Мне хотелось сделать ей приятное. Она походила на модную модель, самое красивое создание из всех моих знакомых.
Несколько минут мы бессмысленно болтали, потом я заказал ей выпить, но бармен не стал наливать. Она выскочила из бара, я следом, абсолютно уверенный, что растянусь между табуретом и дверью. Бармен ухмыльнулся. Я чувствовал себя взрослым и умудренным жизнью, однако неуклюжим. Мы прошли несколько кварталов — она молчала и шаталась — до небольшой закусочной, где выпили кофе, и официантка сказала, чтобы я уводил девчонку поскорее, пока ее не начало рвать. У меня в комнате она быстро разделась, за неимением пижамы натянула мою футболку и нырнула в постель. Заснула раньше, чем я успел рассмотреть ее тело и что-то сказать. Я лежал в кровати голый, гладил ее по животу, но она уже вовсю храпела. У меня кружилась голова и нелепо немело тело, как примерно год назад, когда я натягивал на себя форму перед футбольным матчем, зная, что в ближайшие несколько часов меня отделают так, что места живого не останется. Я полежал некоторое время, трогая ее грудь, ноги и между ног, там я и оставил свою руку, размышляя, что впервые сплю всю ночь с девушкой и что это не по-человечески — пользоваться беззащитностью пьяной. Ее живот урчал у меня под рукой, и я надеялся, что ее не начнет рвать, поскольку чистые простыни мне светят только через четыре дня. Затем я встал, зажег свет и стал смотреть на нее, сначала издалека, потом очень близко, с одного или двух дюймов, если говорить точно.
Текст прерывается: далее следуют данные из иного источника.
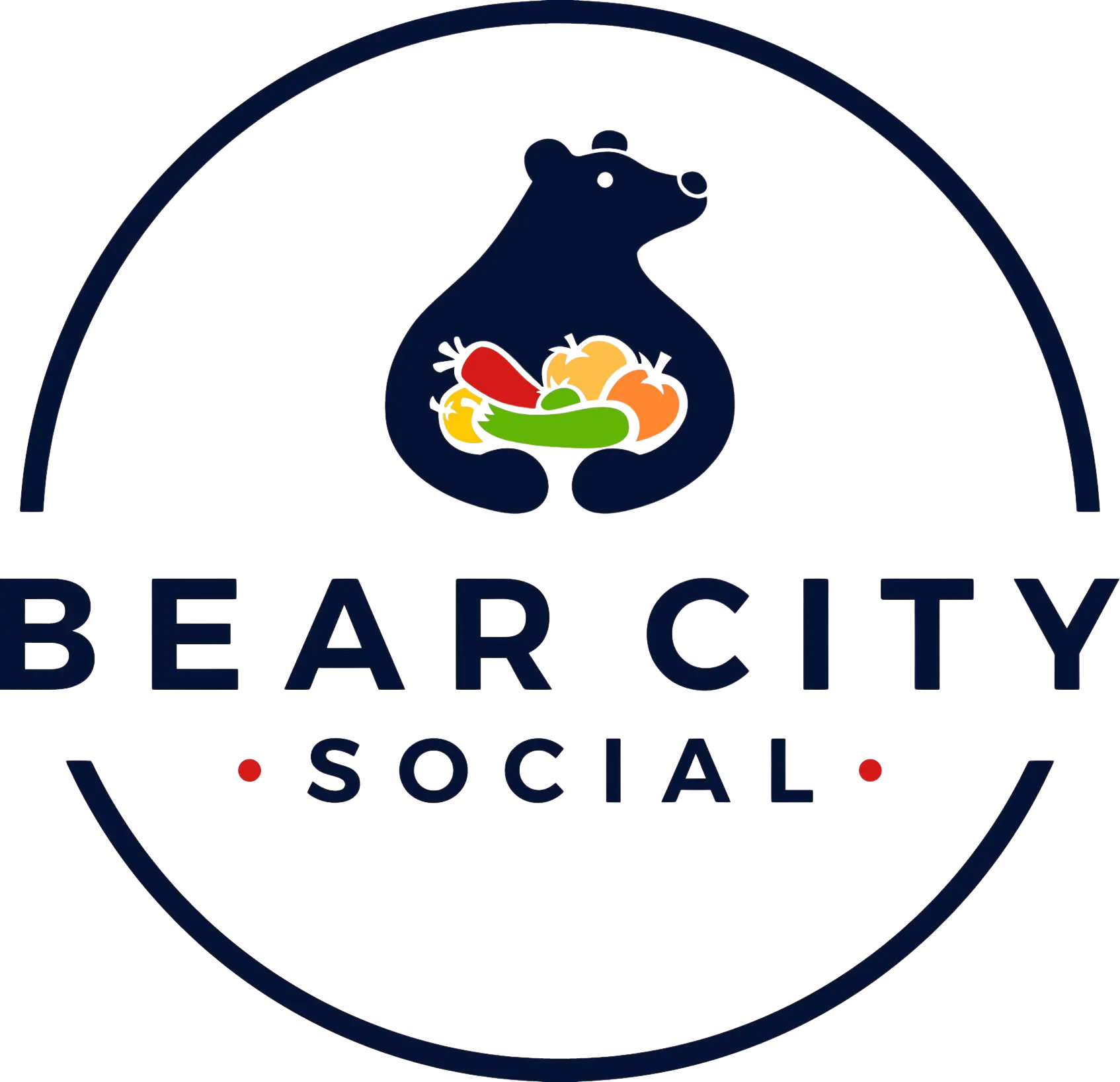 Bear City Social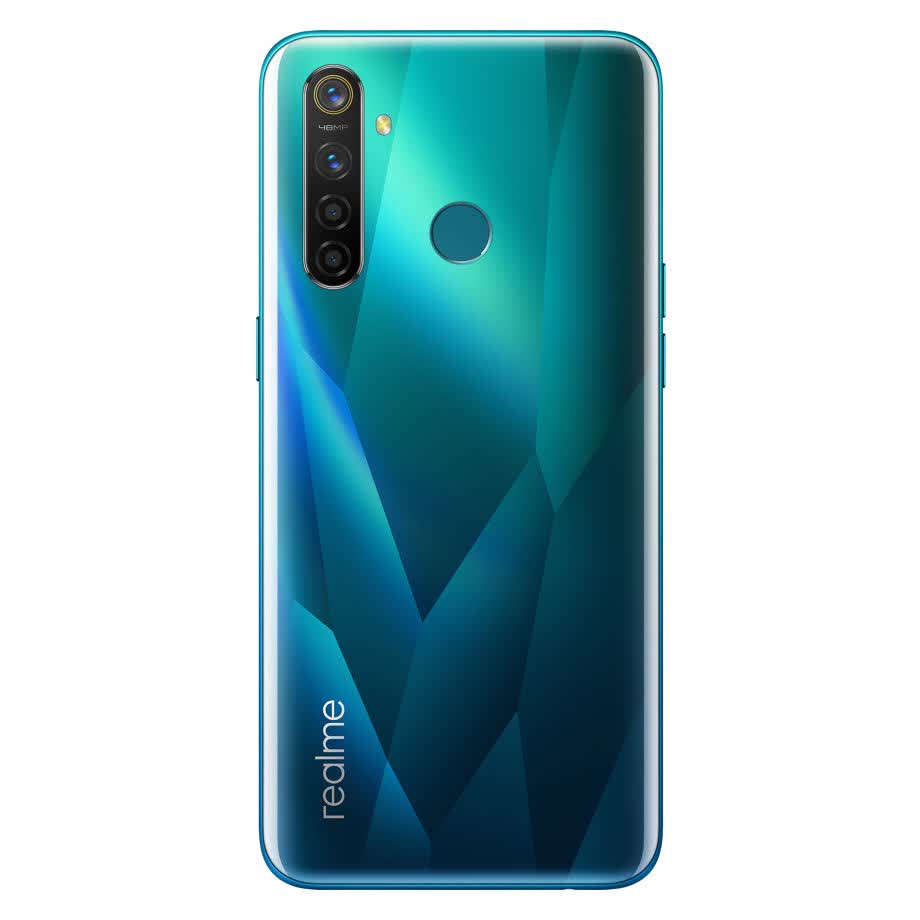 oppo realme 5 pro（realme Q） Oppo Realme 5 Pro - Notebookcheck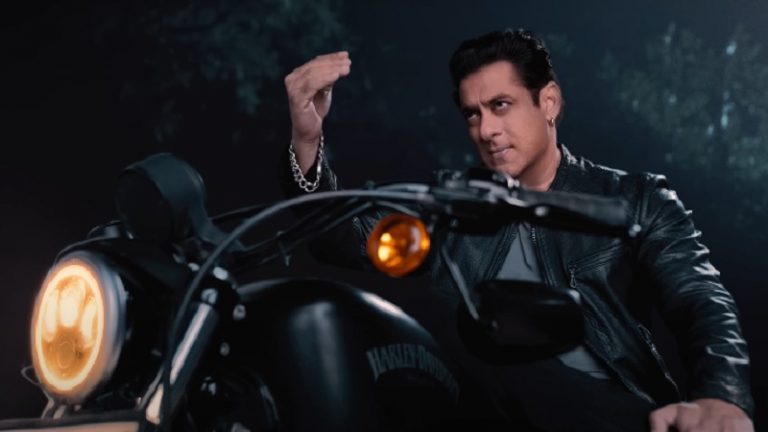 5 दिन में मात्र ₹6.56 करोड़! सलमान खान की नई फिल्म का बॉक्स ऑफिस पर हो गया बुरा हाल, दशहरा की छुट्टियों के बावजूद दर्शकों का अता-पता नहीं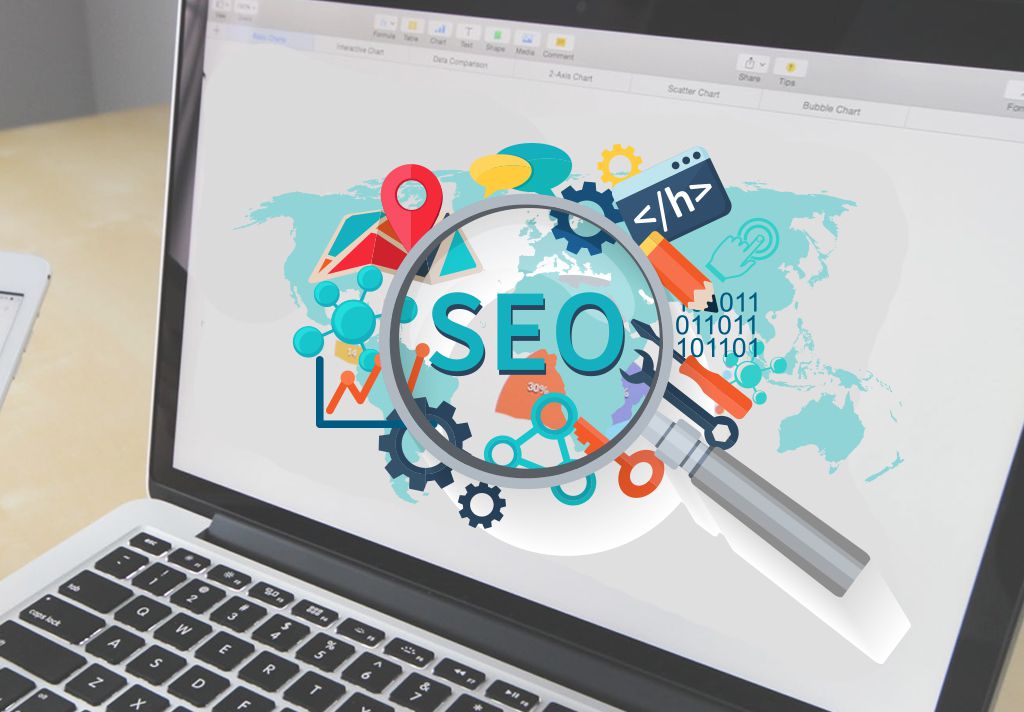 SEO beyond Search Engine Optimization 1078256990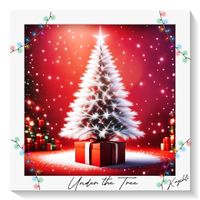 Kayshli - Under the Tree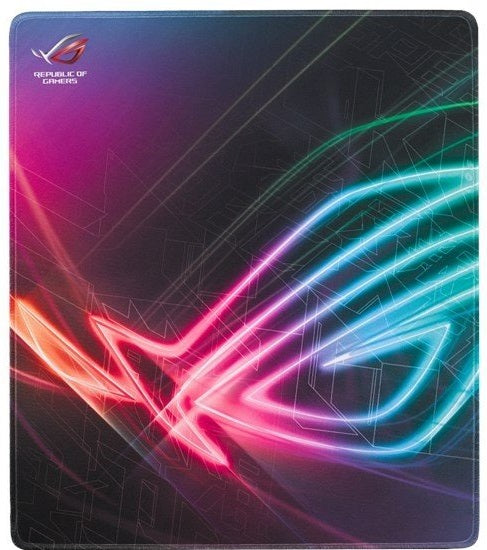 ASUS Mouse Pad ROG Strix Edge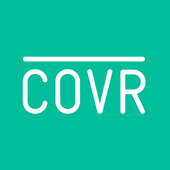 Covr Security icon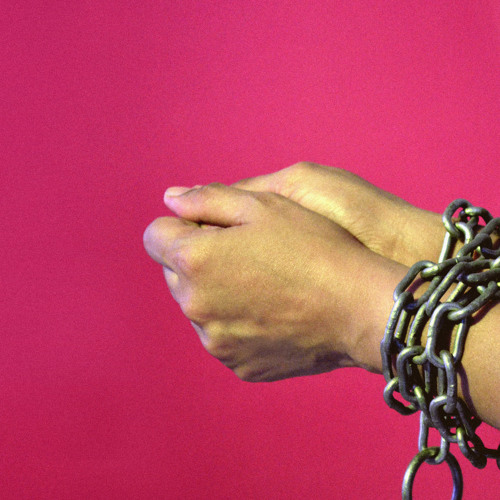 stupidcomposer's tweet card. Stay Away 1500703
Я думал, у меня сейчас разорвется сердце, потом опять лег, навалился на неё, пытаясь войти, но кончил, едва коснувшись.
Я проснулся на рассвете в тоске и муках совести, сел в кресло под окном и стал смотреть на Барбару. В тени кровати она дышала глубоко и спокойно, простыня задралась так, что видны были гладкое бедро и белые полукружия на спине, след от лосьона для загара. Я привык просыпаться рано, хоть и ненавидел утренние часы в городе, клацанье и шипение мусорных машин на пустой Гудзон-стрит, мутный свет — даже летом солнце никогда не становилось до конца ясным — и запах, словно побрызгали маслянистым химикатом. Она пошевелилась, затем перевернулась на живот, простыня сбилась, сползла еще ниже и обернулась вокруг бедер. Словно фотография из порножурнала. Никакого возбуждения, только неожиданная вялость. Она словно излучала тепло, и спать рядом с ней было душно — от нее исходил странный запах почти выветрившихся духов; с первыми лучами солнца комната словно сжалась от мучительной бессонницы. Час или два я продремал в кресле и проснулся от полноценного уличного шума. Она все еще спала, но теперь накрывшись. Я вышел в коридор, залез под душ, а когда вернулся, она стояла перед водруженной на комод электроплиткой и варила кофе.